Further, I believe that future moves in rates will affect EUR/JPY disproportionately: if the spread worsens below -1.00% (currently circa -0.50% going by bond yields), it will suddenly become more economically appetizing from a carry-trade perspective to short the pair. The inverse is true: if the spread improves, EUR/JPY could spike higher.
However, with the rate already negative, and with the Bank of Japan's bank rate already being in negative territory, an argument could be made that the euro has more room to weaken than the yen (the latter also being traditionally viewed as a safe-haven currency).

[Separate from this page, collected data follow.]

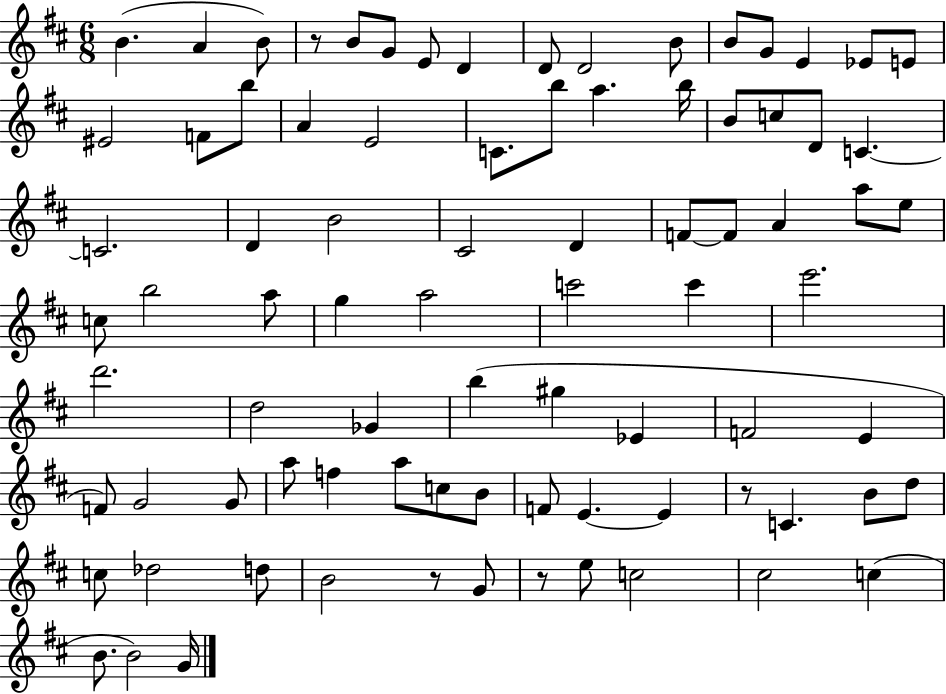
B4/q. A4/q B4/e R/e B4/e G4/e E4/e D4/q D4/e D4/h B4/e B4/e G4/e E4/q Eb4/e E4/e EIS4/h F4/e B5/e A4/q E4/h C4/e. B5/e A5/q. B5/s B4/e C5/e D4/e C4/q. C4/h. D4/q B4/h C#4/h D4/q F4/e F4/e A4/q A5/e E5/e C5/e B5/h A5/e G5/q A5/h C6/h C6/q E6/h. D6/h. D5/h Gb4/q B5/q G#5/q Eb4/q F4/h E4/q F4/e G4/h G4/e A5/e F5/q A5/e C5/e B4/e F4/e E4/q. E4/q R/e C4/q. B4/e D5/e C5/e Db5/h D5/e B4/h R/e G4/e R/e E5/e C5/h C#5/h C5/q B4/e. B4/h G4/s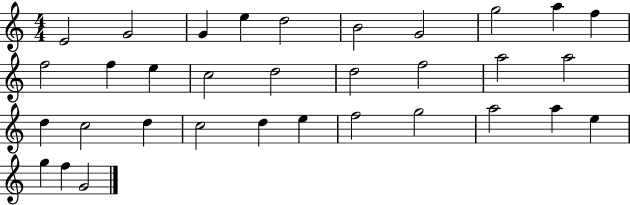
X:1
T:Untitled
M:4/4
L:1/4
K:C
E2 G2 G e d2 B2 G2 g2 a f f2 f e c2 d2 d2 f2 a2 a2 d c2 d c2 d e f2 g2 a2 a e g f G2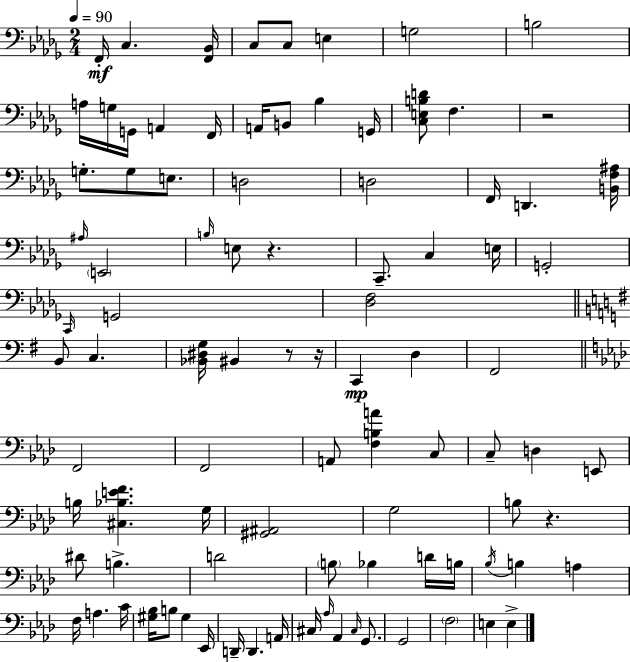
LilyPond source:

{
  \clef bass
  \numericTimeSignature
  \time 2/4
  \key bes \minor
  \tempo 4 = 90
  f,16-.\mf c4. <f, bes,>16 | c8 c8 e4 | g2 | b2 | \break a16 g16 g,16 a,4 f,16 | a,16 b,8 bes4 g,16 | <c e b d'>8 f4. | r2 | \break g8.-. g8 e8. | d2 | d2 | f,16 d,4. <b, f ais>16 | \break \grace { ais16 } \parenthesize e,2 | \grace { b16 } e8 r4. | c,8.-- c4 | e16 g,2-. | \break \grace { c,16 } g,2 | <des f>2 | \bar "||" \break \key g \major b,8 c4. | <bes, dis g>16 bis,4 r8 r16 | c,4\mp d4 | fis,2 | \break \bar "||" \break \key aes \major f,2 | f,2 | a,8 <f b a'>4 c8 | c8-- d4 e,8 | \break b16 <cis bes e' f'>4. g16 | <gis, ais,>2 | g2 | b8 r4. | \break dis'8 b4.-> | d'2 | \parenthesize b8 bes4 d'16 b16 | \acciaccatura { bes16 } b4 a4 | \break f16 a4. | c'16 <gis bes>16 b8 gis4 | ees,16 d,16-- d,4. | a,16 cis16 \grace { aes16 } aes,4 \grace { cis16 } | \break g,8. g,2 | \parenthesize f2 | e4 e4-> | \bar "|."
}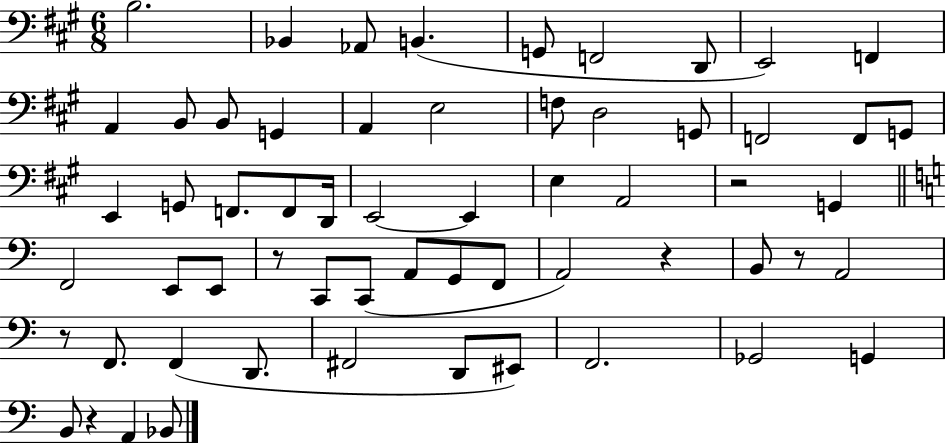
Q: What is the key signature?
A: A major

In addition to the yen-favorable interest rate spread, equities have declined recently, strengthening the case for a stronger yen and perhaps precipitating this risk-off move we are seeing in both EUR/JPY and global equities. If you look closely on the chart above though (the chart presented before the carry-trade graph), you will see that the price of the EUR/JPY pair has steadied at a somewhat similar level to the flash crash low of 118.824 registered on January 3, 2019.
Admittedly, the price has sunk beneath this flash-crash low, but with the interest rate spread also improving modestly, EUR/JPY may be able to find some modest strength to consolidate in this region. A failure to do so would be bearish for all yen crosses, and for risk assets such as equities more broadly.
Using volume profile analysis - which we can use to find well-traded and thinly-traded areas - we can estimate (using a longer-term daily chart) where price may find support and resistance, in light of the prevailing bearish trend.
As illustrated in the chart, the potential levels to the upside are far more easily identifiable. Most of the tick volume has traded above. Unfortunately for this pair, it has now left its prior trading range. Therefore, prior levels are now more likely to be met with great struggle, and exploited mainly for sell-side liquidity. Unless the spread improves significantly, retracements to the upside should be met with great skepticism.
Nevertheless, in order of probability (from highest to lowest), the medium term could see EUR/JPY trade at 119.450 (reasonable probability), 120.830 (lower probability), 121.500 (much lower probability), and 122.210 (unlikely, in this author's view). A break of 122.210 could see a reversal of the bearish trend.
To the downside, 118.075, which has already been taken, is likely to be retested and broken. Afterwards, 117.370 would appear to be a clear target. Underneath 117.370, there is much more room for the pair to fall. Previously, a low of 114.851 was registered on April 17, 2017. Zooming out of the above volume profile chart, I draw a horizontal black line illustrating this low.
Disclosure: I/we have no positions in any stocks mentioned, and no plans to initiate any positions within the next 72 hours. I wrote this article myself, and it expresses my own opinions. I am not receiving compensation for it (other than from Seeking Alpha). I have no business relationship with any company whose stock is mentioned in this article.